All that should be output is the block of lines below from the line with "drawing red apple with green sheet - sketch" to the line with "Strawberry Dinosaur Crochet Toy", both included, exactly as written.
>>>>
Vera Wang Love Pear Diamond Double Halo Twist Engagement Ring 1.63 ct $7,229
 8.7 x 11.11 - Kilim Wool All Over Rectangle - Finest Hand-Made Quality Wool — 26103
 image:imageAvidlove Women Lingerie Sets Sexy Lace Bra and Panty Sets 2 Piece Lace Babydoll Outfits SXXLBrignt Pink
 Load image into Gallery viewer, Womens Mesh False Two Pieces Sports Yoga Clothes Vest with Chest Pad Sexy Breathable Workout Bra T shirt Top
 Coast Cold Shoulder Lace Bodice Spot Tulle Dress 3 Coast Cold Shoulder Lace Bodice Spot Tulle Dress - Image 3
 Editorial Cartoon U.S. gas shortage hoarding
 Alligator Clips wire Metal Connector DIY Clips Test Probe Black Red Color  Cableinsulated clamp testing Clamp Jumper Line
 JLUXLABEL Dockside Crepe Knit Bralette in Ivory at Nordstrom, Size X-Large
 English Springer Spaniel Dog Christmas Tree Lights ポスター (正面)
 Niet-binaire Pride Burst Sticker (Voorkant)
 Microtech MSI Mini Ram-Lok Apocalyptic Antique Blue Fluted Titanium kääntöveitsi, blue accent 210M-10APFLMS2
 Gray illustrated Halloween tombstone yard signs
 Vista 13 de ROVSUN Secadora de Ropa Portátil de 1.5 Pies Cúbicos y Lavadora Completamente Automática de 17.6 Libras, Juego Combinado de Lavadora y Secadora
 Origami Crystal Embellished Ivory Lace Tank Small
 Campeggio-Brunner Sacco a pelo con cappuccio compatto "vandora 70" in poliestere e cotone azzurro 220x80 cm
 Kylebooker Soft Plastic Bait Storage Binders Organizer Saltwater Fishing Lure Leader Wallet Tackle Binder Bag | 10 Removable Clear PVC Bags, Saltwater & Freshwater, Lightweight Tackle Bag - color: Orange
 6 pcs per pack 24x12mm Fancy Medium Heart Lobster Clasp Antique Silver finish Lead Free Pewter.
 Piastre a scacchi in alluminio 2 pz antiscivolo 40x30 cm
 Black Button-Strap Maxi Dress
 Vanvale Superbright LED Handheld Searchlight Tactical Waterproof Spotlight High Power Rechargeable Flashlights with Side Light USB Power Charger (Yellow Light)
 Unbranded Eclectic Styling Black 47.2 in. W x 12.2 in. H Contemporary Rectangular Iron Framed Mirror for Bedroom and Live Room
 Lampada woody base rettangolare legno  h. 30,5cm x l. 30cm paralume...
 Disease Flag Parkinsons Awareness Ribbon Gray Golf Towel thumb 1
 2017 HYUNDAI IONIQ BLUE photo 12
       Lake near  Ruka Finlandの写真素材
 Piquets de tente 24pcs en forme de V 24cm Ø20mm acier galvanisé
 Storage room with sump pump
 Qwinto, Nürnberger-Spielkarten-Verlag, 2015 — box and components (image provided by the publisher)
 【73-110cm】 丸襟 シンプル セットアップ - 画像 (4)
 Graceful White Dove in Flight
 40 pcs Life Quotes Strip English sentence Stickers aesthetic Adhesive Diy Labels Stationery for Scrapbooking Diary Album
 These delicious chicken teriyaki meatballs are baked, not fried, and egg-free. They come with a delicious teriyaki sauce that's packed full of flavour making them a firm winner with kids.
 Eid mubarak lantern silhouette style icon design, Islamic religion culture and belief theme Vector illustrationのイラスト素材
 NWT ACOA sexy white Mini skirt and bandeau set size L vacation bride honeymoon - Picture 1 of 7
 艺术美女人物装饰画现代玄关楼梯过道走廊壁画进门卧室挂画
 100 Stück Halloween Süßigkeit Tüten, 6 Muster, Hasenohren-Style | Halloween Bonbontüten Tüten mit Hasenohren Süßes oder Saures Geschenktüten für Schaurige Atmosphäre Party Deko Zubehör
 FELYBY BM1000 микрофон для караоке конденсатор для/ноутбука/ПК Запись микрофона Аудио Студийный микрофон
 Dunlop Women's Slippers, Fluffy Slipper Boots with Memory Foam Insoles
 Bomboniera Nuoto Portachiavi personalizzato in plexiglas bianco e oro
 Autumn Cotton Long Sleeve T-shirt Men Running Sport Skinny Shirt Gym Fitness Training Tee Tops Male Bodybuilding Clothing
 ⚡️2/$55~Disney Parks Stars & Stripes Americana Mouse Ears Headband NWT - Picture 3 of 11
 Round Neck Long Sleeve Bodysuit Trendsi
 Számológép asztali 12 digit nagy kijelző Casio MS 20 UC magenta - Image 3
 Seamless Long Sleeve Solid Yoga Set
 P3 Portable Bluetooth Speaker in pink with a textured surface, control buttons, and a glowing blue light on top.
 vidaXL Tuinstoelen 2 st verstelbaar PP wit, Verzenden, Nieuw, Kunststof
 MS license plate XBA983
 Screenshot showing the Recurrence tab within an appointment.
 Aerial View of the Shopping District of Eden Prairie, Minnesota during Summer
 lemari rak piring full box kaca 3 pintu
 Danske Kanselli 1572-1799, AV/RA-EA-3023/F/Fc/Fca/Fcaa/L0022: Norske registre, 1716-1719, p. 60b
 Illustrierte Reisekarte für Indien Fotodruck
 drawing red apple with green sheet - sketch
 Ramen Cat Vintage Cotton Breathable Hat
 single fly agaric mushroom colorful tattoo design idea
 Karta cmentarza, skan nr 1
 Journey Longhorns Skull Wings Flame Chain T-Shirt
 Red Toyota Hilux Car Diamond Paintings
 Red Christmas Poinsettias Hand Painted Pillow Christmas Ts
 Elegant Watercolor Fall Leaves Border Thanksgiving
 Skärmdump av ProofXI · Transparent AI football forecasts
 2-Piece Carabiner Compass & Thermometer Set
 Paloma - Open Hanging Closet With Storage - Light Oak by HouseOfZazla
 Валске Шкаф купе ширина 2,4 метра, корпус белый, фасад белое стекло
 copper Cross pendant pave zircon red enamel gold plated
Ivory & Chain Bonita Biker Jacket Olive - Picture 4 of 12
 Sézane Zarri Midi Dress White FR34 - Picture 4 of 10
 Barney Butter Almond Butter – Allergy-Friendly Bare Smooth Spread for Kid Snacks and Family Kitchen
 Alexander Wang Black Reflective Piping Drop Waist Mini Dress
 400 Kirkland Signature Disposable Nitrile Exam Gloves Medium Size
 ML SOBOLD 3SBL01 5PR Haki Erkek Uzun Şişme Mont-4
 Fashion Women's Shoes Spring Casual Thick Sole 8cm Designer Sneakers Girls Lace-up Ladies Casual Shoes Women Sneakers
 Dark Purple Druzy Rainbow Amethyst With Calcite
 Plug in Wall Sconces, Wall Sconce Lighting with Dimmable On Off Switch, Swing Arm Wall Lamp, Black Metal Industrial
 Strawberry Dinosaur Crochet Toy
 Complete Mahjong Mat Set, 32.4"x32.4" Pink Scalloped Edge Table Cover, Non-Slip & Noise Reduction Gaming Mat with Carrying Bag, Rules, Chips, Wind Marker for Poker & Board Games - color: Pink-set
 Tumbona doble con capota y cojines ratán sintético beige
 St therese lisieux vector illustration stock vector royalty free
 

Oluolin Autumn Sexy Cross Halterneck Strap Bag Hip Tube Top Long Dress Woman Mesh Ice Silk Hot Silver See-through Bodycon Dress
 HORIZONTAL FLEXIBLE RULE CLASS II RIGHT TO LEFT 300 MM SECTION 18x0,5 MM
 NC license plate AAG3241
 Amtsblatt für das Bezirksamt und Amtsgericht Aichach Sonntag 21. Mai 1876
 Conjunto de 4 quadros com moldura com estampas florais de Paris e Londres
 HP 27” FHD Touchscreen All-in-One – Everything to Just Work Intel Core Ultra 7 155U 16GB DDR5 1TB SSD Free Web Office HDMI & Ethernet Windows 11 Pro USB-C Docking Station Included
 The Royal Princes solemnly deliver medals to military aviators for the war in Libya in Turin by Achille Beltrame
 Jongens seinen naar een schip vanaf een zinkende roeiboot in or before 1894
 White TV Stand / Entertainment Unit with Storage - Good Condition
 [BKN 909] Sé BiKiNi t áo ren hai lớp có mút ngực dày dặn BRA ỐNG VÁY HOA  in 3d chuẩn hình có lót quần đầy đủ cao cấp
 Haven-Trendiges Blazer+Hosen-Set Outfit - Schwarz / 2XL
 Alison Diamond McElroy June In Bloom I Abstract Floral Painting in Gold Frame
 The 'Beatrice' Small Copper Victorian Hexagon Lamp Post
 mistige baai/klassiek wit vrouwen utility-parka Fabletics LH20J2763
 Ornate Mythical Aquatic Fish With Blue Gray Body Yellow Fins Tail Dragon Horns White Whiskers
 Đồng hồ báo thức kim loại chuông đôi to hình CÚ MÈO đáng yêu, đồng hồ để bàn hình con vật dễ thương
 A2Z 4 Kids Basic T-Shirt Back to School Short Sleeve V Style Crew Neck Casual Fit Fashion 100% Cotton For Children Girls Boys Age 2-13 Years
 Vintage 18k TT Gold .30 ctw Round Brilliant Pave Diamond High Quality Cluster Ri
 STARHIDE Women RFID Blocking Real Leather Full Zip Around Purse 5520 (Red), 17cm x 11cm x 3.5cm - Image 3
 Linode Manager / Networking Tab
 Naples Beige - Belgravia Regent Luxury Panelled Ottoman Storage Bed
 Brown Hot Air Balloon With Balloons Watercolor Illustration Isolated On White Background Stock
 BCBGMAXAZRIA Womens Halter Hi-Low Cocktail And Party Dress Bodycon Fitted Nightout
<<<<
**COMPLETED TASK**
 drawing red apple with green sheet - sketch
 Ramen Cat Vintage Cotton Breathable Hat
 single fly agaric mushroom colorful tattoo design idea
 Karta cmentarza, skan nr 1
 Journey Longhorns Skull Wings Flame Chain T-Shirt
 Red Toyota Hilux Car Diamond Paintings
 Red Christmas Poinsettias Hand Painted Pillow Christmas Ts
 Elegant Watercolor Fall Leaves Border Thanksgiving
 Skärmdump av ProofXI · Transparent AI football forecasts
 2-Piece Carabiner Compass & Thermometer Set
 Paloma - Open Hanging Closet With Storage - Light Oak by HouseOfZazla
 Валске Шкаф купе ширина 2,4 метра, корпус белый, фасад белое стекло
 copper Cross pendant pave zircon red enamel gold plated
Ivory & Chain Bonita Biker Jacket Olive - Picture 4 of 12
 Sézane Zarri Midi Dress White FR34 - Picture 4 of 10
 Barney Butter Almond Butter – Allergy-Friendly Bare Smooth Spread for Kid Snacks and Family Kitchen
 Alexander Wang Black Reflective Piping Drop Waist Mini Dress
 400 Kirkland Signature Disposable Nitrile Exam Gloves Medium Size
 ML SOBOLD 3SBL01 5PR Haki Erkek Uzun Şişme Mont-4
 Fashion Women's Shoes Spring Casual Thick Sole 8cm Designer Sneakers Girls Lace-up Ladies Casual Shoes Women Sneakers
 Dark Purple Druzy Rainbow Amethyst With Calcite
 Plug in Wall Sconces, Wall Sconce Lighting with Dimmable On Off Switch, Swing Arm Wall Lamp, Black Metal Industrial
 Strawberry Dinosaur Crochet Toy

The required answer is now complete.